● **ASSIGNMENT**: In the entries below, find the line with "PBT + Türkçe" and the line with "Robyn Hurder and an audience member at"; copy them and every line between them exactly, but not the pictures.

● **MATERIAL PROVIDED**:

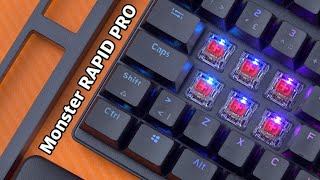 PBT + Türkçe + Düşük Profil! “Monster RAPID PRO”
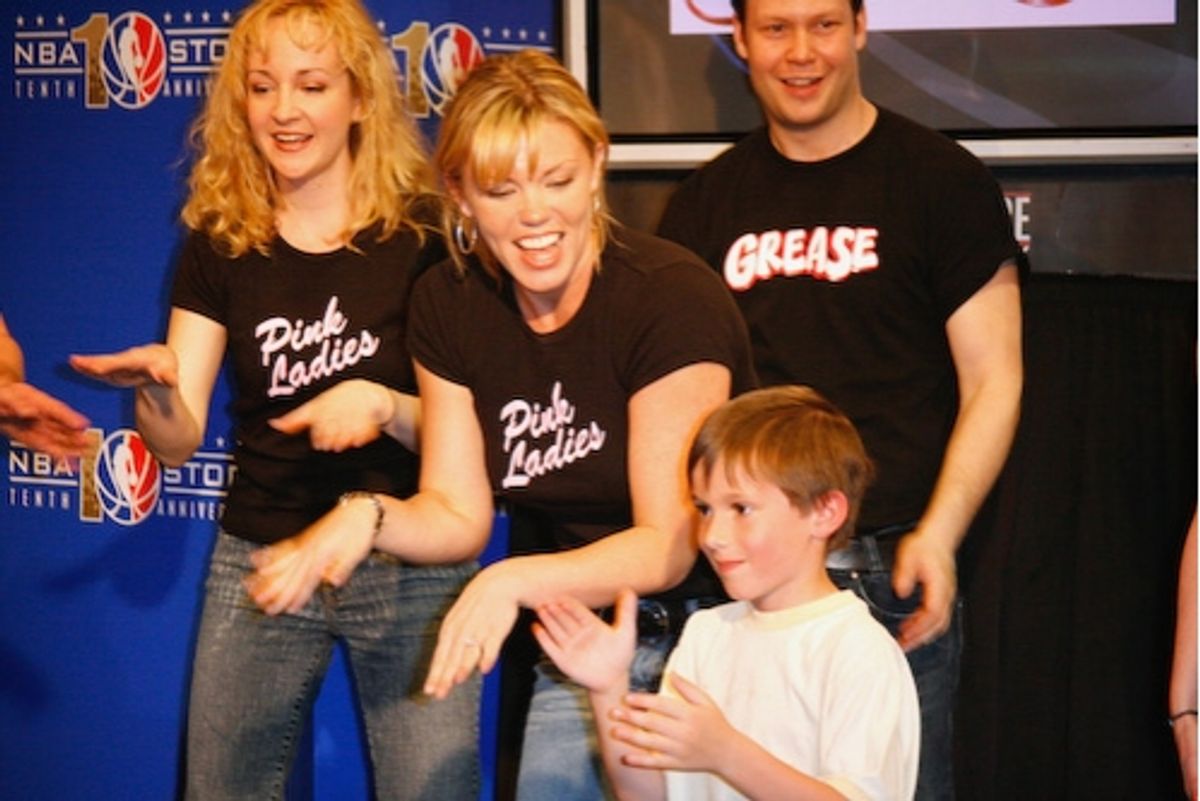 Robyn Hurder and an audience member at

---

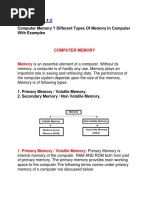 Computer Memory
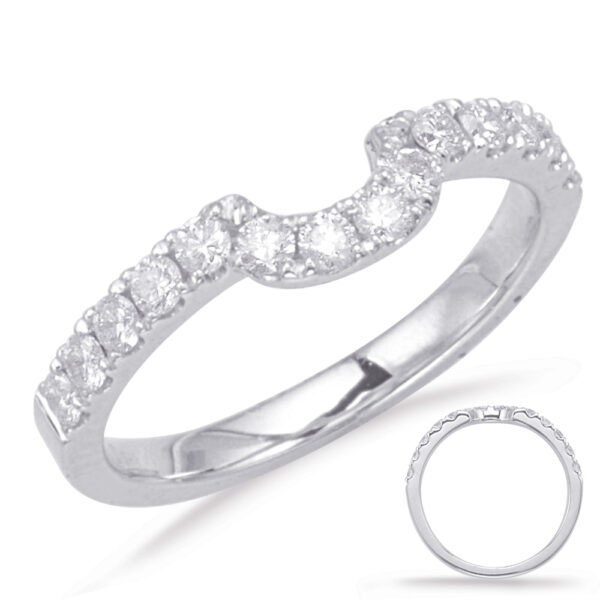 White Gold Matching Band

● **RESPONSE TO THIS EXERCISE**:
 PBT + Türkçe + Düşük Profil! “Monster RAPID PRO”
 Robyn Hurder and an audience member at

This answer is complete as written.